Выбрать главу

– Przekazuje mi pan same dobre wieści. Co z pytaniami bez odpowiedzi?

– Nie sądzę, żeby takie były.

– Jest pan tego pewien?

– W stu procentach.

Reacher jeszcze raz uważnie przyjrzał się korkowym tablicom.

– Grywa pan w pokera? – zapytał.

– Nie.

– Słusznie. Nie umie pan kłamać.

Bellantonio nie odpowiedział.

– Powinniście zacząć się martwić – rzekł Reacher. – Jeśli się wywinie, poda was do sądu o odszkodowanie za psa.

– Nie wywinie się – powiedział Bellantonio.

– Nie – zgodził się Reacher. – Raczej się nie wywinie.

***

Emerson czekał przed drzwiami Bellantonia. W marynarce, bez krawata. Z frustracją w oczach, typową dla policjantów uwikłanych w prawnicze kruczki.

– Rozmawiał pan z nim? – zapytał. – W szpitalu?

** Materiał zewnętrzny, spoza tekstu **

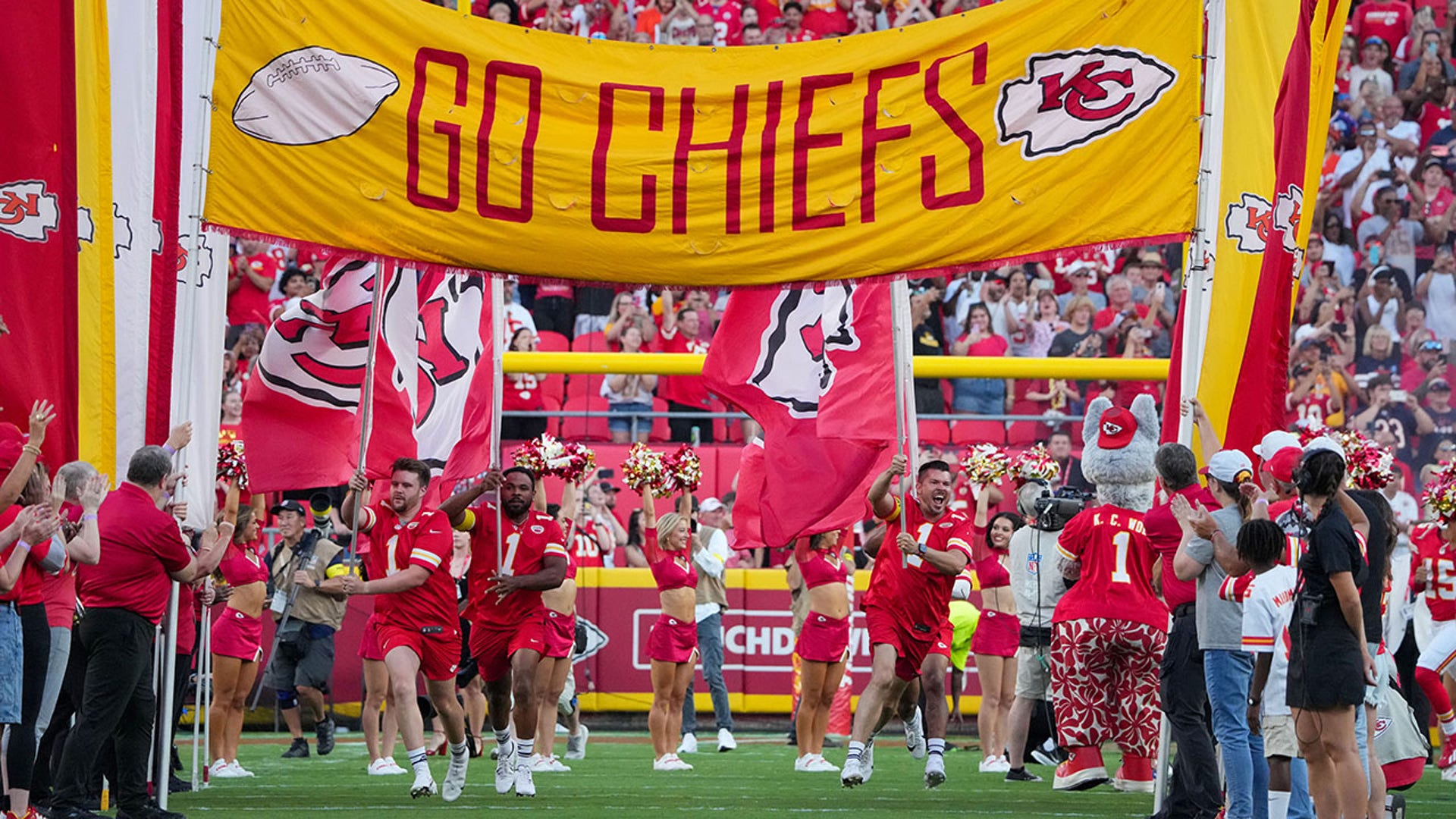 Cheerleaders run onto the field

– Nic nie pamięta, poczynając od wtorkowego wieczoru – odparł Reacher. – Czeka was sądowa przepychanka.

– Straszne.

– Powinniście bardziej dbać o bezpieczeństwo w aresztach.

– Rodin ściągnie ekspertów.

– Jego córka już to zrobiła.

– Istnieją precedensy.

– To broń obosieczna.

– Chce pan, żeby ten gnój wyszedł na wolność?

– To wy spieprzyliście sprawę – rzekł Reacher. – Nie ja.

– Jeśli to pana uszczęśliwia.

– To nikogo nie uszczęśliwia – odparł Reacher. – Jeszcze nie.

***

Opuścił komisariat i wrócił do wieżowca z czarnego szkła. Helen Rodin siedziała za biurkiem, czytając jakiś dokument. Alan Danuta, Mason i Niebuhr już sobie poszli. Była sama.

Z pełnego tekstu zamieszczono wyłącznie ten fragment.